Working data section start

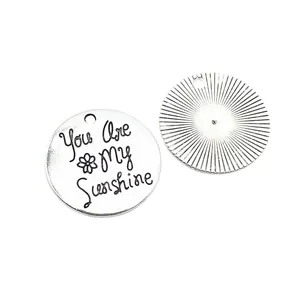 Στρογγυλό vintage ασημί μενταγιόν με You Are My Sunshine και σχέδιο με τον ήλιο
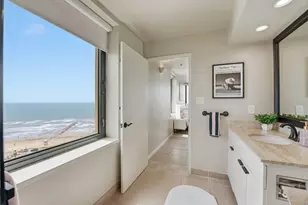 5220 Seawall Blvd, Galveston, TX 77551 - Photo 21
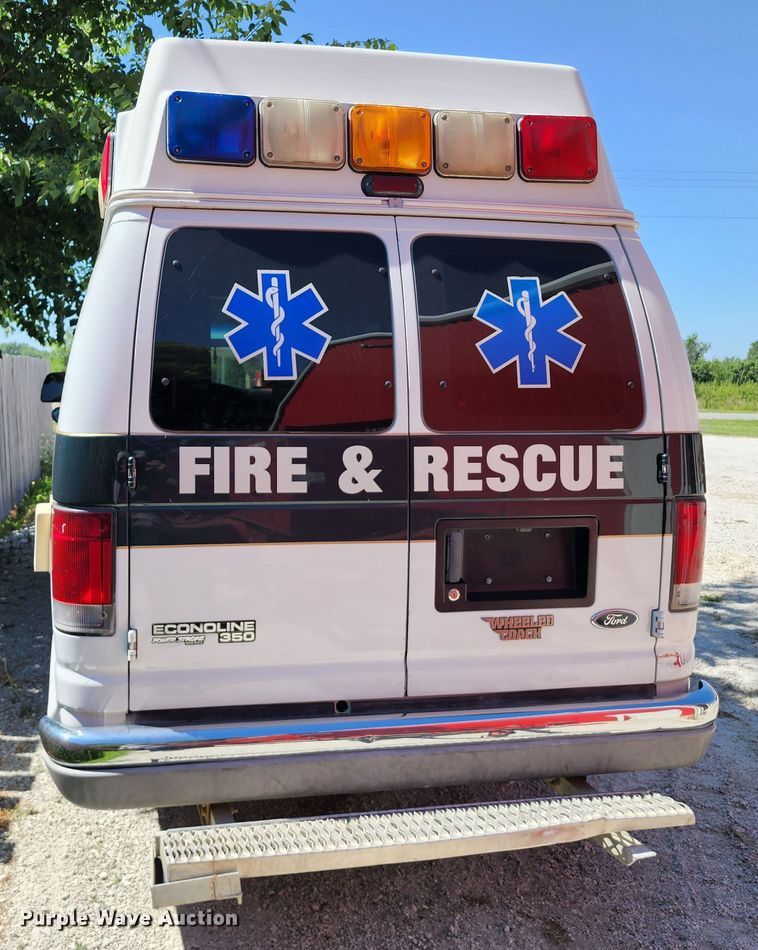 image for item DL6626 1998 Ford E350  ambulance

Working data section end
Working data section start

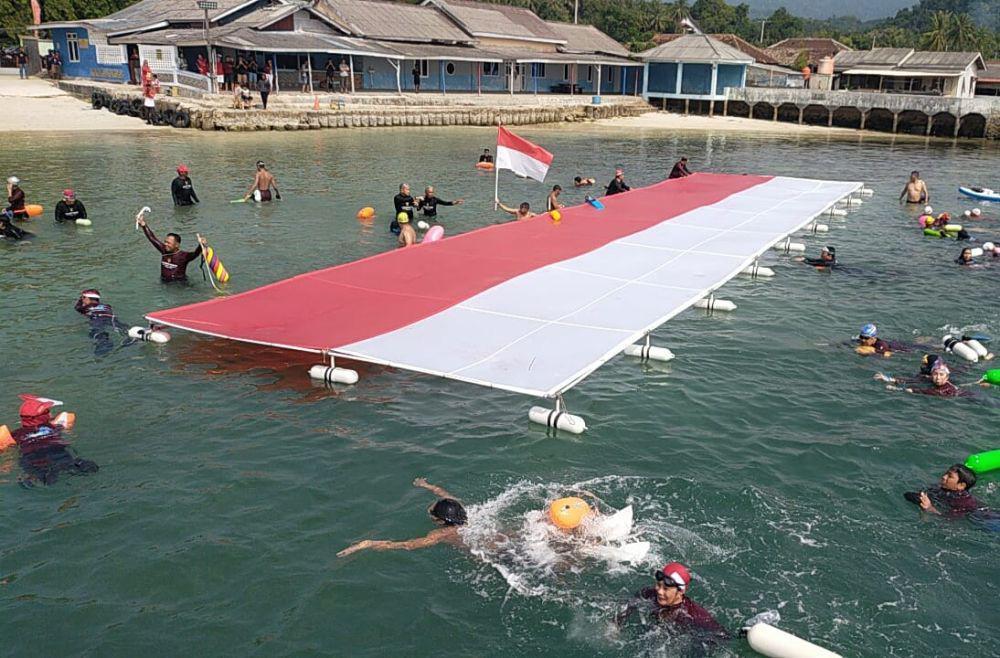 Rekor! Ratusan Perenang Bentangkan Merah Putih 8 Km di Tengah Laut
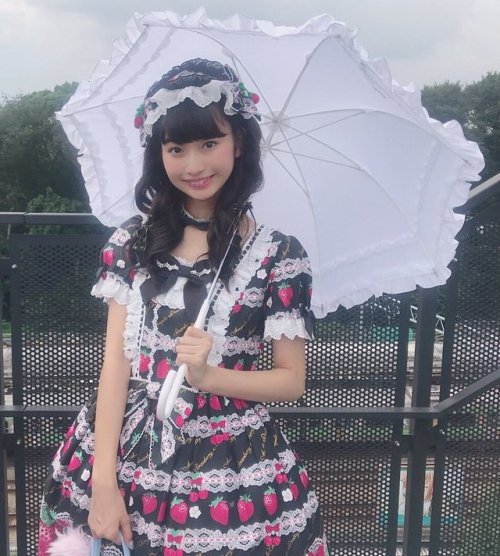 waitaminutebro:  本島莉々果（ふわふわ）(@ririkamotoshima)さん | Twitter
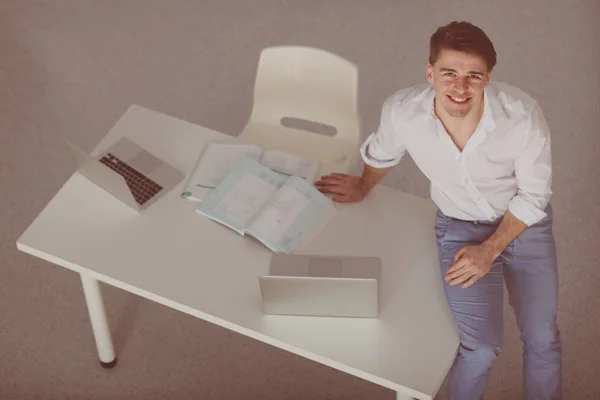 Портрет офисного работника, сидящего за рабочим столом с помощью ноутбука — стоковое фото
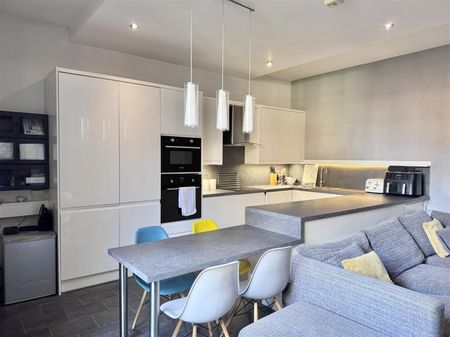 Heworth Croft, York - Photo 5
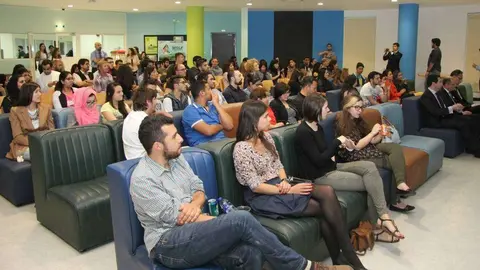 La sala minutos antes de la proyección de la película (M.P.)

Working data section end

- **Aim of the task**: Transcribe the listing above exactly, but only from the line with "Heworth Croft, York - Photo 5" through the line with "La sala minutos". Include both of those lines and omit the pictures.

- **Written answer**:
 Heworth Croft, York - Photo 5
 La sala minutos antes de la proyección de la película (M.P.)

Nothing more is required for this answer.